Possibilidades

Ao ver a cena etérea daquela mulher atravessando a rua de sombrinha, debaixo da chuva forte com um vestido esvoaçante e de sandálias, fiquei pensando: ela não se preparou direito para sair num tempo daquele – então comecei a imaginar qual seria a situação dela.

Estaria fugindo, por isso saiu as pressas sem tempo de colocar uma roupa adequada e um sapato quentinho?

Voltava do trabalho e ao sair de casa não imaginou que iria chover? Era um dia quente de verão, tinha programado de ir ao cinema com o marido, teve que comprar uma sombrinha de um ambulante, logo que a chuva começou?

Sofreu uma desilusão amorosa e estava andando sem rumo, sem nem perceber que estava se molhando toda, quando de repente vê seu desafeto conversando tranquilo perto do banco com a amante sem se preocupar em ser visto?

Minha mente continua vagueando em possibilidades. Sua filha fugiu de casa com o namorado e ela saiu desesperada procurando e são eles que estão próximos ao banco conversando desapercebidos da vida?

Ela é parteira e foi chamada as pressas porque tem um bebê prestes a nascer bem perto dali seu carro estragou e ela saiu correndo do jeito que estava só levando o que iria precisar na sua bolsa?

Está voltando de uma festa e já é de madrugada, resolveu voltar andando porque bebeu muito e não quer chegar alterada em casa? Mora numa cidade pequena onde todos se conhecem e não tem perigo andar sozinha? Sempre leva uma sombrinha na bolsa porque lá a chuva vem dia sim dia não?

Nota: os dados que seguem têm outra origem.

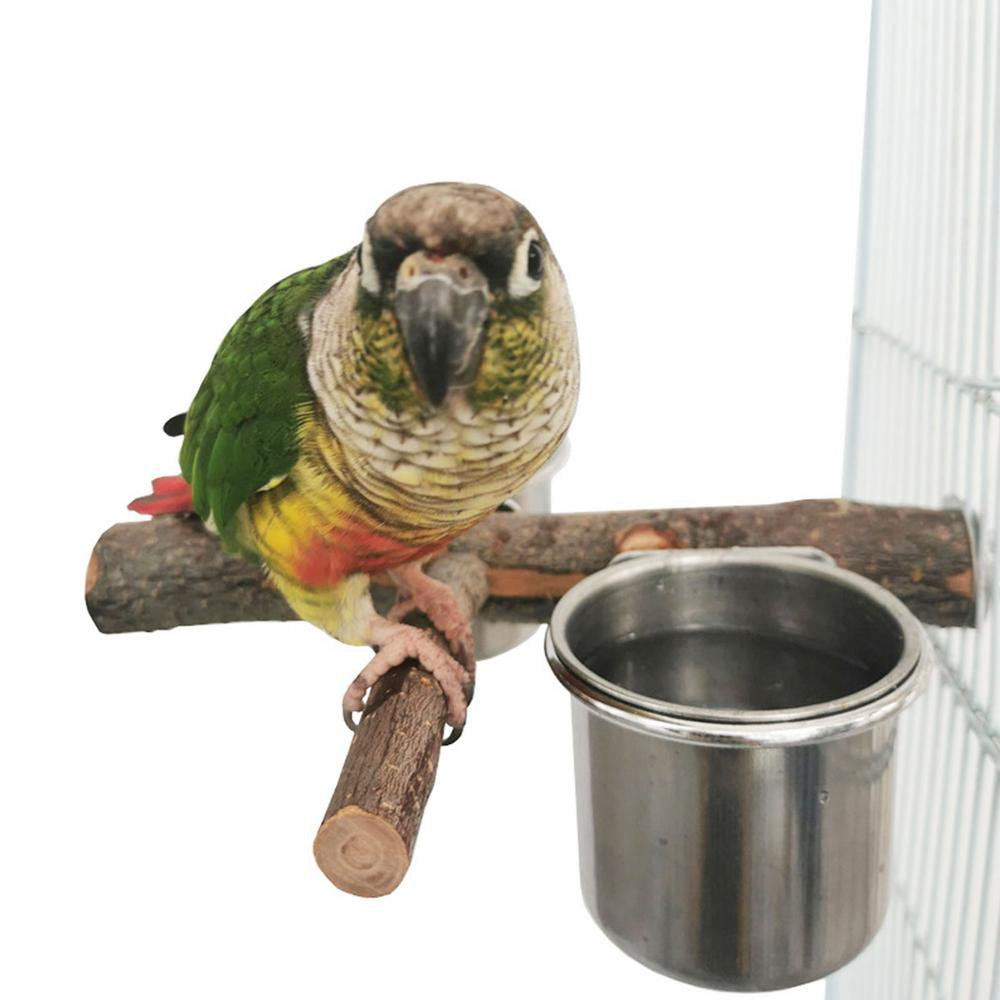 IMSHIE Bird Standing Perch with Bowls Detachable Stainless Steel Bird Feeding Cup Birds Cage Accessories Wooden Bird Stand Feeding Cage Cups for Parakeet Cockatiels Lovebirds Budgie 1Set 2 Greater Animals & Pet Supplies > Pet Supplies > Bird Supplies > Bird Cages & Stands IMSHIE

Só gosta de vestidos e não calça sapatos? Se deu o direito de só usar sandálias há muito tempo, porque é assim que se sente bem?

Uma cena, milhares de possibilidades. Nunca vou saber qual é a história daquela mulher. Ela foi flagrada num instante, por um olhar que a eternizou. Mesmo que de forma fugaz, passando numa via, ela ficou presa na retina, com seu vestido leve e ondulante e seus pés desnudos.